For in vivo cross-priming assays, 10⁶ irradiated EG.7-OVA cells per mouse were injected into the footpads of OT-I mice with 1 mg/ml anti–MFG-E8 mAb, 1 mg/ml anti-FcR blocking antibody (clone 2.4G2), or isotype control. 5 d after the challenge, mice were sacrificed, and the draining lymph node cells were isolated and cultured with 10 mg/ml MHC class I–restricted OVA peptides overnight. IFN-γ production by CD8⁺ T cells was then determined by flow cytometry or ELISA using the culture supernatants.

Statistical analysis was performed using the unpaired Student’s t test or one-way analysis of variance through all of the experimental procedures. Differences were considered significant when the p-value was <0.05.
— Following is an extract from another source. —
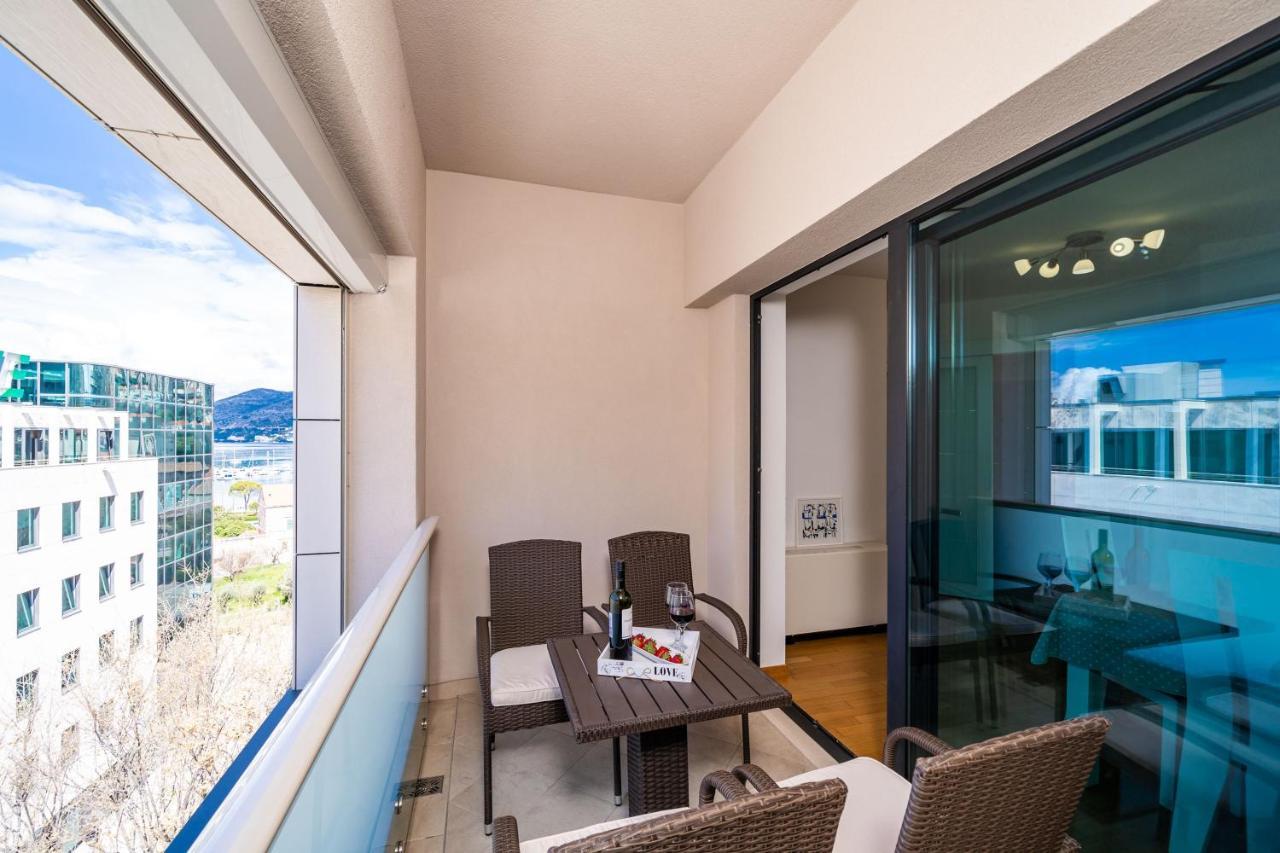 Apartment Dubrovnik Clouds Exterior foto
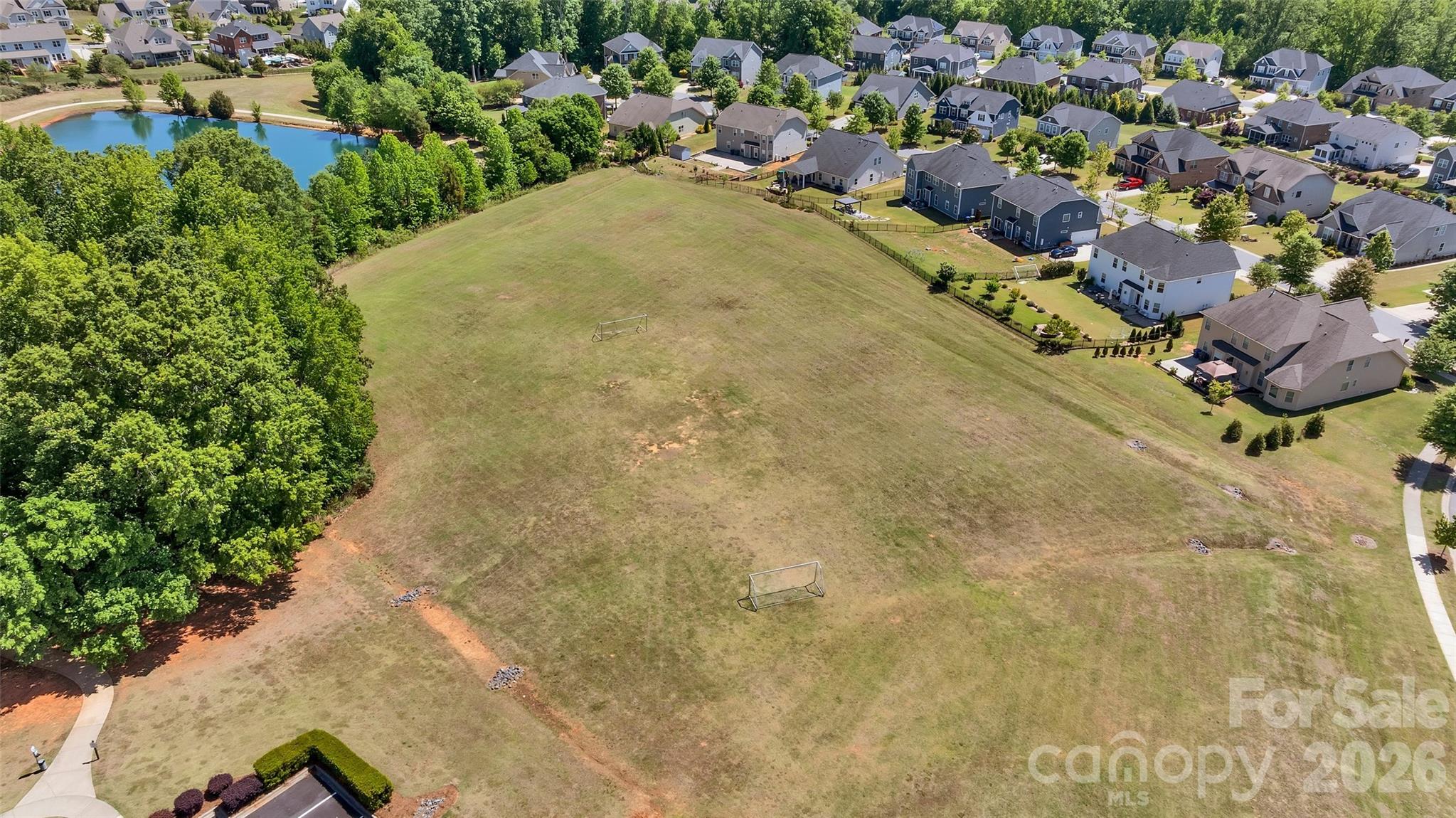 8511 Raven Top Drive — Mint Hill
Fig. S1 associates temporal relationships of anti–MFG-E8 antibody and chemotherapy administration in antitumor responses. Fig. S2 presents in vivo antitumor activities of anti–MFG-E8 antibody and doxorubicin against established EL-4 thymomas. Fig. S3 shows the humeral responses induced by in vivo treatment of anti–MFG-E8 antibody and chemotherapy. Fig. S4 shows the frequency of CD11b⁺ and CD11b⁺ Gr-1⁺myelid cells at tumors with the treatments. Fig. S5 suggests the in vitro phagocytosis of apoptotic tumor cells by BMDCs. In Fig. S6, the effect of anti–MFG-E8 antibody was examined in mediating in vitro cross-presentation of OVA antigen to OT-I T cells by BMDCs.

We wish to thank Dr. Clotilde Thèry for valuable advice in the making of rabbit polyclonal antibody against mouse MFG-E8; A. Kurose for her secretarial assistance; and S. Nakayama, A. Asami and R. Miyake for assistance with the in vivo tumor study, ELISA assay, and animal care. M. Jinushi, G. Dranoff, and H. Tahara were responsible for experimental design; M. Jinushi, M. Sato, and S. Nagai were responsible for the preparation and performance of experiments; data analysis and interpretation were performed by M. Jinushi, M. Sato, A. Kanamoto, A. Itoh, S. Nagai, S. Koyasu, G. Dranoff, and H. Tahara; and M. Jinushi, G. Dranoff, and H. Tahara prepared the manuscript.

This study was supported in part by the Grants-in-Aid for Scientific Research on Priority Areas (20015016 to H. Tahara) and for Young Scientists (Start-Up; 20890050 to M. Jinushi) from the Ministry of Education, Culture, Sports, Science and Technology of Japan, as well as by the Melanoma Research Alliance and the Research Foundation for the Treatment of Ovarian Cancer (G. Dranoff).

The authors have no conflicting financial interests.